Try it
Answer with the exact lines of the following material from the one containing "Georgia Tech Researchers" through the one containing "Apartamento com 1", both end lines included.

Supplied records

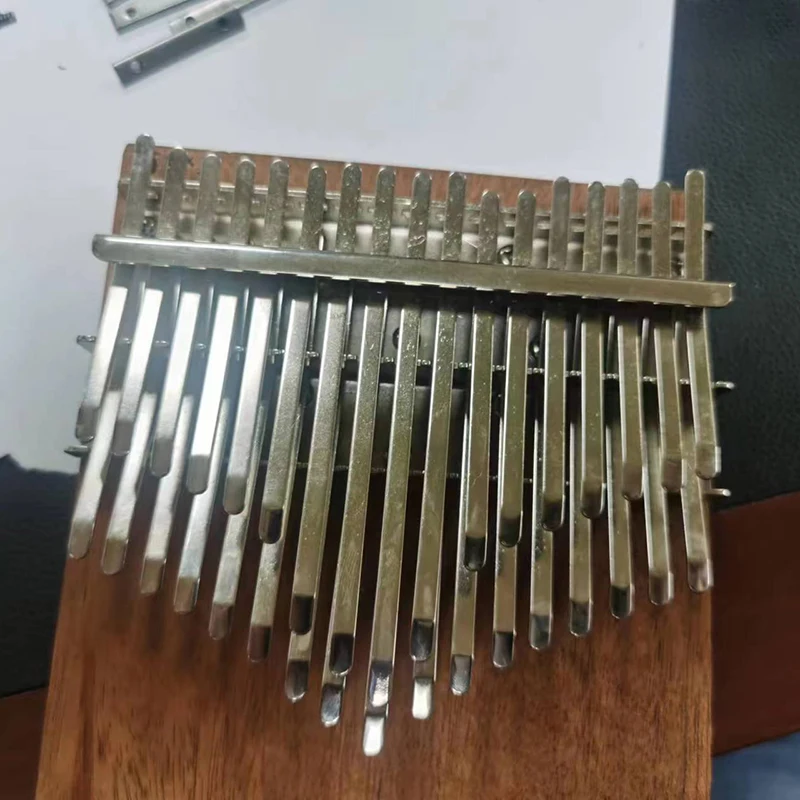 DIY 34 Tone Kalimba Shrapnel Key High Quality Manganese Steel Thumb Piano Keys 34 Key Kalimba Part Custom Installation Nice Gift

...

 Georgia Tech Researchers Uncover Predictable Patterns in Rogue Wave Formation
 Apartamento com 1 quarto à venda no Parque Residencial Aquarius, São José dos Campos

...

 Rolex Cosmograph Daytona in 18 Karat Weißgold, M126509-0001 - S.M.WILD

Result
 Georgia Tech Researchers Uncover Predictable Patterns in Rogue Wave Formation
 Apartamento com 1 quarto à venda no Parque Residencial Aquarius, São José dos Campos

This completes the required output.